Notifications You must be signed in to change notification settings

GowayLee/Saytring

Folders and files

NameName
Last commit message
Last commit date

Latest commit

 

History

65 Commits
 
 
 
 
 
 
 
 
 
 
 
 
 
 

Repository files navigation

Logo

A python-based, user-friendly, and experimental programming language for string-processing.


Table of Contents


Intro

Saytring is an experimental language with hybrid features designed to provide users with an intuitive and natural experience for string manipulation.

In this language, strings are treated as first-class citizens, allowing users to perform various flexible operations by calling functions and freely combining them, such as concatenation, replacement, substring slicing, reversing strings, and more.

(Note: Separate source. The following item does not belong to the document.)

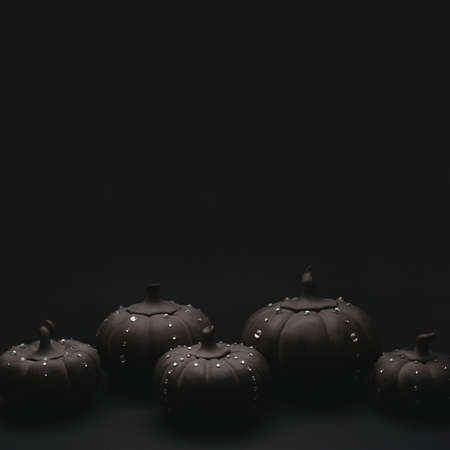 Ceramic pumpkins with rhinestones on a black background. Minimalistic background for autumn holidays with space for text.の写真素材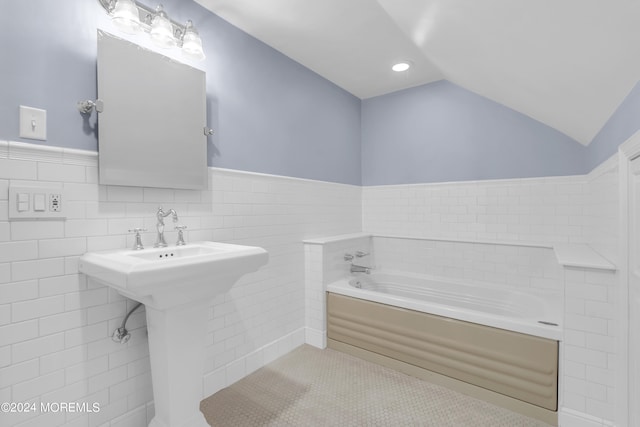 bathroom featuring backsplash, tile walls, a bath, and lofted ceiling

The design of this language is also inspired by natural language. Various syntactic sugars are added to feature a clear and concise syntax that enables users to easily create, modify, and manipulate strings.

For example, you can simply use ask to get user input, the say function to output data, or + to concatenate multiple strings. These designs make programming more interactive and enjoyable, rather than just tedious code writing.

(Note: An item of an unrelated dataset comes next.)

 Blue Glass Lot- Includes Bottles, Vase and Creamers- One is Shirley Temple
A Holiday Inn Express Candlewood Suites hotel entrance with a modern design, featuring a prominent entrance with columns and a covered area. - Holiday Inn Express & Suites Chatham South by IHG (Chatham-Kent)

# Declare a String valriable
define user_answer as ("wo shi nai long")

# Read from user input with prompt
ask "Tell me your answer: " as user_answer

# Print variable
say("Your anwser is: " + user_answer;)

Syntax

1. Variable Declaration

To enhance type safety, it is illegal to declare a variable without initialization.

# Declare with initialization
define my_var as ("init string")

2. Assignment

set my_var as ("Hello, world!")

3. Input and Output

# Input a string
ask "<prompt>" as user_input

# Output a string
say(user_input)

4. Function Calls

A great number of string-processing functions are built into the system.

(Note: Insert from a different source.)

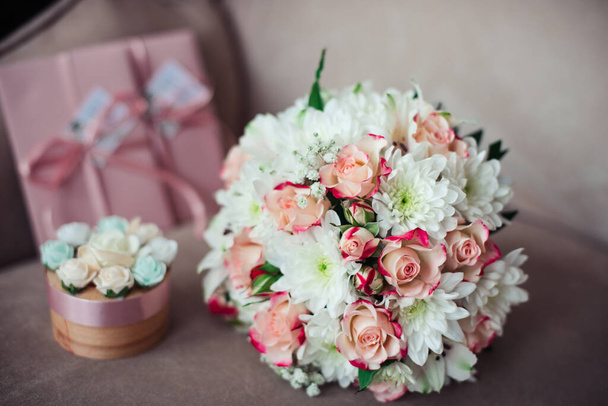 Крупный план свадебного букета из розовых роз и белых хризантем на фоне розовых сертификатов. Коробка для колец на пушистом диване
 - Фото, изображение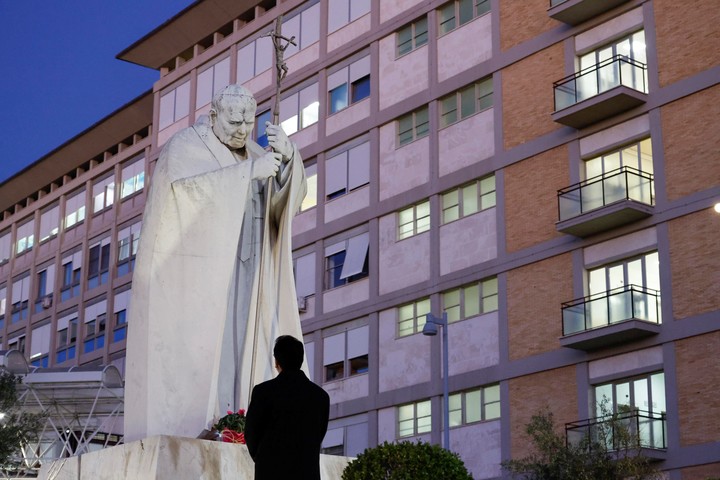 Un sacerdote reza ante la estatua de Juan Pablo II frente al Hospital Agostino Gemelli. Foto ANSA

Similar to "methods" in Object-Oriented Programming (OOP), every function call in Saytring is associated with a variable (which corresponds to an object in OOP). This rule helps make parameter passing more stable and straightforward.

# Call function count_digit() with no args
my_var do count_digit

# Call function concate() with arg
my_var do concate using "Hello!"

# Chain call functions
my_var do concate using ["Hello!"] -> do reverse -> do slice using [2, 4]

A literal value can also call a function.

"wo shi nai long" do reverse

114514 do get_length  # Will report warning, but can run

true do reverse       # Will report warning, but can run

In Saytring Runtime, a variable named _anonymous is pre-defined, when compiler meets literal value calling functions, it will firstly assign this literal value to _anonyous and translate this expression to _anonymous do <func_name> [using] [on]

_anonymous has property last_result(will describe in the next section), as well. But it should not be explicitly accessed by users, so the best practical of literal value calling is to specify the return data every time.

define var as ("")
var has [prop]
"wo cai shi nai long" do reverse on var's prop

5. Dynamic Property

As mentioned above, in Saytring, strings are treated as first-class citizens. This means that it avoids having variables with data types different from strings, such as integers.

To address the shortage caused by the limitation of data types, we introduce Dynamic Properties in Saytring.

Dynamic Properties are similar to Member Functions in object-oriented programming languages. They belong to any variable (mostly string in Saytring). Extra information can be stored in these properties.

define my_var as "ABCDEFG"

# Declare a new property lower_case of my_var
my_var has [lower_case]

# Declare various properties
my_var has [prop1, prop2, prop3]

# Access to feature of my_var
say(my_var's lower_case)

What makes Dynamic Properties more powerful is that they can act as the return data of functions. A property named last_result is a reserved property that contains the return data of the last function call on the variable.

my_var do count_digit

# Declare a new properties
my_var has [digit_count, reverse_str]

# Assign digit_count to return data of count_digit
set my_var's digit_count as (last_result)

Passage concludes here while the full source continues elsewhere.